EXTRACTED INFORMATION —
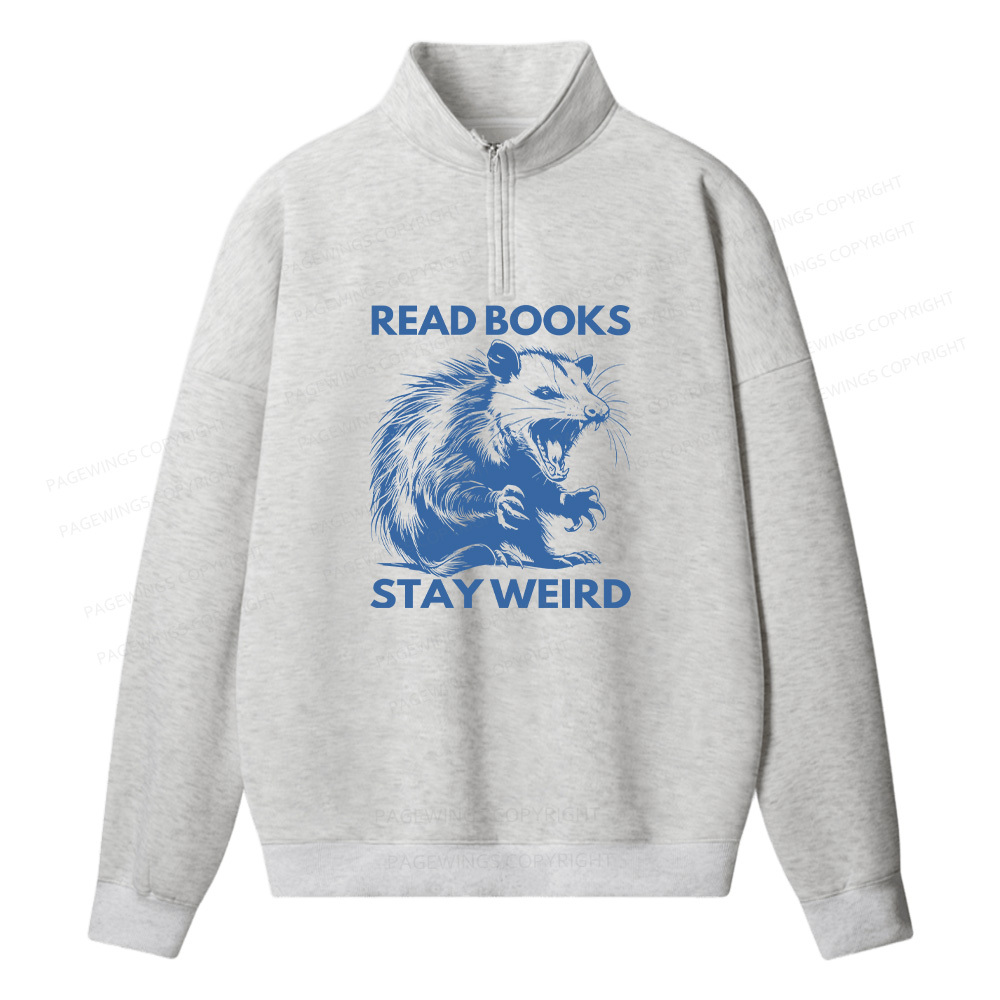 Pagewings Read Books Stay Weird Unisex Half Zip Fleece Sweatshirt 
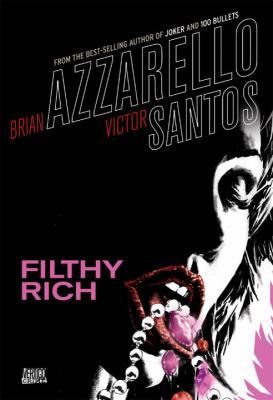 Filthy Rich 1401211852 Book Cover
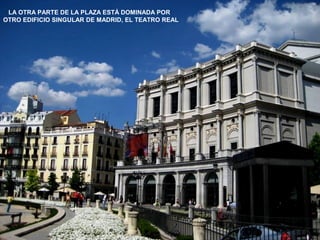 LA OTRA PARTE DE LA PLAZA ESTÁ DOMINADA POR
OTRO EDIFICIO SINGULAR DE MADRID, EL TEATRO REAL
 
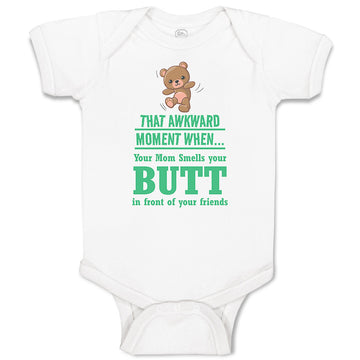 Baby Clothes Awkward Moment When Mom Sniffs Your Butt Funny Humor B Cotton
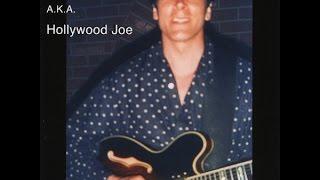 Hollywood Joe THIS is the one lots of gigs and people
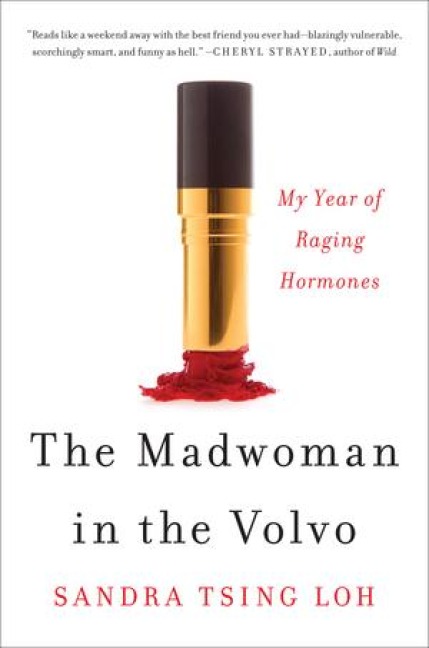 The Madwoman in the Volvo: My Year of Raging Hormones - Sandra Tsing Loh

WORK REQUEST — Lines from the one containing "OTRO EDIFICIO SINGULAR" through the final line of the entries above are to be retyped exactly, with every picture left out.

WRITTEN RESPONSE —
OTRO EDIFICIO SINGULAR DE MADRID, EL TEATRO REAL
 
 Baby Clothes Awkward Moment When Mom Sniffs Your Butt Funny Humor B Cotton
 Hollywood Joe THIS is the one lots of gigs and people
 The Madwoman in the Volvo: My Year of Raging Hormones - Sandra Tsing Loh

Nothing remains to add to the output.